[Stored records]
———

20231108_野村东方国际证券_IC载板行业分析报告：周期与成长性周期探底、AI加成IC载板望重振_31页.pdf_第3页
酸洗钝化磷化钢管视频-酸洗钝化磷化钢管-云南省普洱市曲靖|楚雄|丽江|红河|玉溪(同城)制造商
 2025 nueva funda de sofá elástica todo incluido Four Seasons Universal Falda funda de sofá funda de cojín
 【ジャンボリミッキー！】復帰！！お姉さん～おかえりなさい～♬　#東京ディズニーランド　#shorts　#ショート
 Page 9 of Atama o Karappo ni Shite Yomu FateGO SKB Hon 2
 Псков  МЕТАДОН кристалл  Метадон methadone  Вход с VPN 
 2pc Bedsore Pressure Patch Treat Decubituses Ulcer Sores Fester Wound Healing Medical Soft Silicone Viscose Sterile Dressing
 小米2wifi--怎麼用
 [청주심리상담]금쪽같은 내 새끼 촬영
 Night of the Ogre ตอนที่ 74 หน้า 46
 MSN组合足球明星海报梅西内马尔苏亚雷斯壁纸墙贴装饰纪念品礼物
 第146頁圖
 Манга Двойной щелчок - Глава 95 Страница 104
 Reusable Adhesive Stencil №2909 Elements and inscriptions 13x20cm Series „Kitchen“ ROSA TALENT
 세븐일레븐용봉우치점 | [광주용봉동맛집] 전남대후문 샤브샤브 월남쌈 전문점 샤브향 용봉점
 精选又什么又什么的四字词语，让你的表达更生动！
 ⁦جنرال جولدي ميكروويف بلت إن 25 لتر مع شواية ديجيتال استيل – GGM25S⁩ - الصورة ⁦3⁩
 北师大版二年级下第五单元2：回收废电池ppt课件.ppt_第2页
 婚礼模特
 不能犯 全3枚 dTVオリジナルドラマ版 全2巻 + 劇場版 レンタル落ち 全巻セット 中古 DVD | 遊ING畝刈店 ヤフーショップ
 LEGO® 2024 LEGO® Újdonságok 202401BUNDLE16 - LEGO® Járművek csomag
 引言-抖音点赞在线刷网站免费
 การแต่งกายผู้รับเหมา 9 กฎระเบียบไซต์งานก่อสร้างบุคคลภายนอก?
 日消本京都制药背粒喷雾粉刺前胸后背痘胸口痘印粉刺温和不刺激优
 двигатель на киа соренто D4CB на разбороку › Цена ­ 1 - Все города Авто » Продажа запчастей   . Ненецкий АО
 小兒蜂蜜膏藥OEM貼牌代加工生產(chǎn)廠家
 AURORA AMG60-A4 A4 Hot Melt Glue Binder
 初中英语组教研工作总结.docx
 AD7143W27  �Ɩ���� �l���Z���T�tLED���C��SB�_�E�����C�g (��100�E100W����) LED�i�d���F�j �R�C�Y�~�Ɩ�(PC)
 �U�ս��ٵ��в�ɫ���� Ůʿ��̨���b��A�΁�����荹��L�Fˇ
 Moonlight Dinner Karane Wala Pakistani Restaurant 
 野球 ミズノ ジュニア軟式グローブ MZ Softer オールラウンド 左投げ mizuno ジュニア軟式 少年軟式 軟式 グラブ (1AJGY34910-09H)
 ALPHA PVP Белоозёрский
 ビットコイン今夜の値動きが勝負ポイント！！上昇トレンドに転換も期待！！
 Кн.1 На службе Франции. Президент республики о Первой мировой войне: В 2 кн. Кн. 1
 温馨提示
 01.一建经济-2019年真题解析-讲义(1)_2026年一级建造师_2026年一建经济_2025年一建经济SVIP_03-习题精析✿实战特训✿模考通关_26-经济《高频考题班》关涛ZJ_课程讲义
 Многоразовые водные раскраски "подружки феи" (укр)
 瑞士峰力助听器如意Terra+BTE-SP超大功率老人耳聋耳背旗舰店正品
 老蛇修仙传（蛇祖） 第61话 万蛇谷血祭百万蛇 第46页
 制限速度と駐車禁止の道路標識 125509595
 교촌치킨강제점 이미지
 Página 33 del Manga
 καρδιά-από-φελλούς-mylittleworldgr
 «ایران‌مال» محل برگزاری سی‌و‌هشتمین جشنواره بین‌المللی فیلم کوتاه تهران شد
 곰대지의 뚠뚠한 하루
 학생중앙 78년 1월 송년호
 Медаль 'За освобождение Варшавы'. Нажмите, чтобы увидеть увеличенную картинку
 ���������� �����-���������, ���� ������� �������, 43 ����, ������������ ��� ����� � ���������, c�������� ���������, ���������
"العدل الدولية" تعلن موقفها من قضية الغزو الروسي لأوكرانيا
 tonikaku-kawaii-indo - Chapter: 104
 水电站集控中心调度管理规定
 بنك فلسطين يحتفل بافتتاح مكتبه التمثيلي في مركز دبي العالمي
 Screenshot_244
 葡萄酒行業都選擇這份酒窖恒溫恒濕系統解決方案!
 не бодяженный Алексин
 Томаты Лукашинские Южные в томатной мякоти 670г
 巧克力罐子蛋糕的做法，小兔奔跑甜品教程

———

Exact retyping is required: the line with "Página 33 del Manga" through the end of the data, both ends included, and no other line.

-- Solution for this problem --
 Página 33 del Manga
 καρδιά-από-φελλούς-mylittleworldgr
 «ایران‌مال» محل برگزاری سی‌و‌هشتمین جشنواره بین‌المللی فیلم کوتاه تهران شد
 곰대지의 뚠뚠한 하루
 학생중앙 78년 1월 송년호
 Медаль 'За освобождение Варшавы'. Нажмите, чтобы увидеть увеличенную картинку
 ���������� �����-���������, ���� ������� �������, 43 ����, ������������ ��� ����� � ���������, c�������� ���������, ���������
"العدل الدولية" تعلن موقفها من قضية الغزو الروسي لأوكرانيا
 tonikaku-kawaii-indo - Chapter: 104
 水电站集控中心调度管理规定
 بنك فلسطين يحتفل بافتتاح مكتبه التمثيلي في مركز دبي العالمي
 Screenshot_244
 葡萄酒行業都選擇這份酒窖恒溫恒濕系統解決方案!
 не бодяженный Алексин
 Томаты Лукашинские Южные в томатной мякоти 670г
 巧克力罐子蛋糕的做法，小兔奔跑甜品教程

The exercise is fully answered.